Въехав на задний двор, где находились избы для помещения ратников и ворота на который никогда, и даже ночью, не затворялись и никем не оберегались, он разнуздал коня, поводил его, поставил в конюшню и уже хотел идти уснуть несколько часов перед тем, как идти с докладом об исполненном поручении к Григорию Лукьяновичу, уже тоже спавшему, по его предположению, так как был уже первый час ночи, как вдруг легкий скрип по снегу чьих-то шагов на соседнем, главном дворе, отделенном от заднего тонким невысоким забором, привлек его внимание. Вскочить на этот забор было для него делом одного мгновения. Покрытый снегом, главный двор был виден с высоты его как на ладони. Была светлая, лунная ночь. Зоркий Григорий Семенович увидал у двери, ведшей, как знал он, и как знаем и мы, в опочивальню Малюты, закутанную в платок женскую фигуру. Сердце его мучительно сжалось, – он узнал в ней Татьяну. Он хотел крикнуть ей, но почувствовал, что горло его как бы кто защемил железными клещами и оно не может издать ни малейшего звука. Дверь, у которой стояла Татьяна, между тем отворилась изнутри, и цыганка исчезла за ней. В глазах Григория Семеновича потемнело, затем в них появились какие-то кровавые круги, и он, потеряв равновесие, как сноп свалился на главный двор. От ушиба при падении он очнулся, встал, обвел вокруг себя помутившимся взглядом, и первою мыслью его было «броситься за ней, разбить дверь и убить их обоих. Он уже сделал несколько шагов, но остановился.
«А что если это не она, если мне это померещилось? – мелькнуло в его голове. – Нет, она, несомненно, она, – припомнил он виденную фигуру. – А если и она… так он сумеет защитить ее… Лучше подожду, когда она выйдет, и тогда… если это точно она… тогда…»

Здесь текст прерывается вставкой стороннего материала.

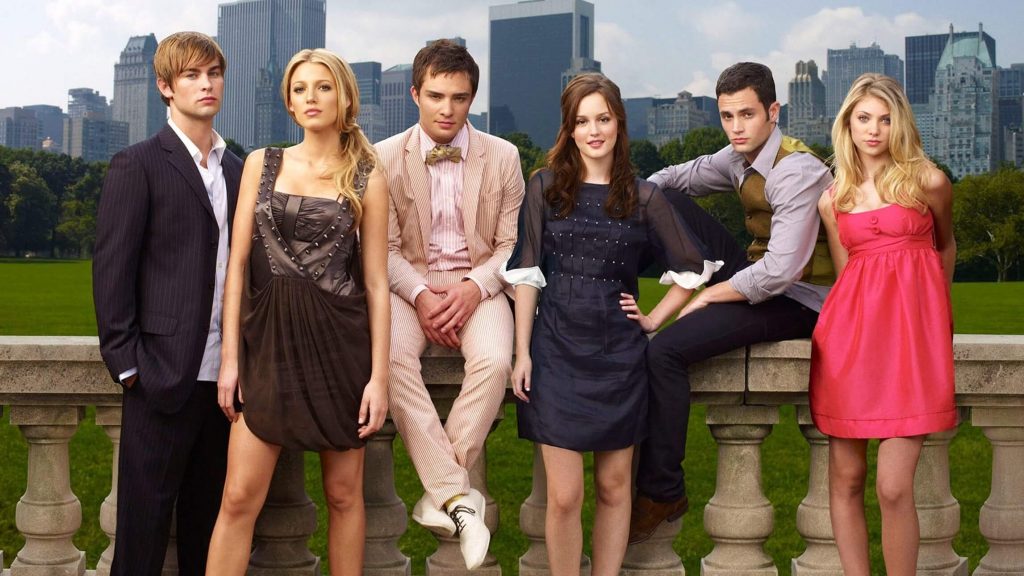 Foto promocional com o elenco da série Gossip Girl original de 2007 Otageek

Он притаился в тени забора.
«Что же тогда?.. Убить ее?.. Но здесь, на дворе, она закричит… явятся на помощь… могут спасти ее… меня убьют… казнят… я умру неотомщенный… Нет… не то… не так надо…»
Он стоял и ждал. Прошло несколько томительных часов, и он со всех сторон успел обдумать свое положение. Раздался легкий стук двери… Она вышла… Это точно была она, он в том убедился и дал ей проскользнуть в хоромы. В его голове созрел план, и он, почти успокоенный, осторожно перелез назад через забор.
Наутро Григорий Семенович явился пред лицо Малюты, – вчера еще его благодетеля, сегодня – злейшего врага. Григорий Лукьянович внимательно выслушал доклад своего верного слуги. Возложенное на него поручение было исполнено с точности.
– Спасибо, Григорий, большое спасибо, на вот тебе на гулянку, поезжай на Москву, там кружала веселей и лучше слободских, прислушайся, что народ гуторит, да разузнай под рукой в доме князя Василия, нет ли какой от него весточки из вотчины?
Малюта подал Григорию Семеновичу туго набитый кошель.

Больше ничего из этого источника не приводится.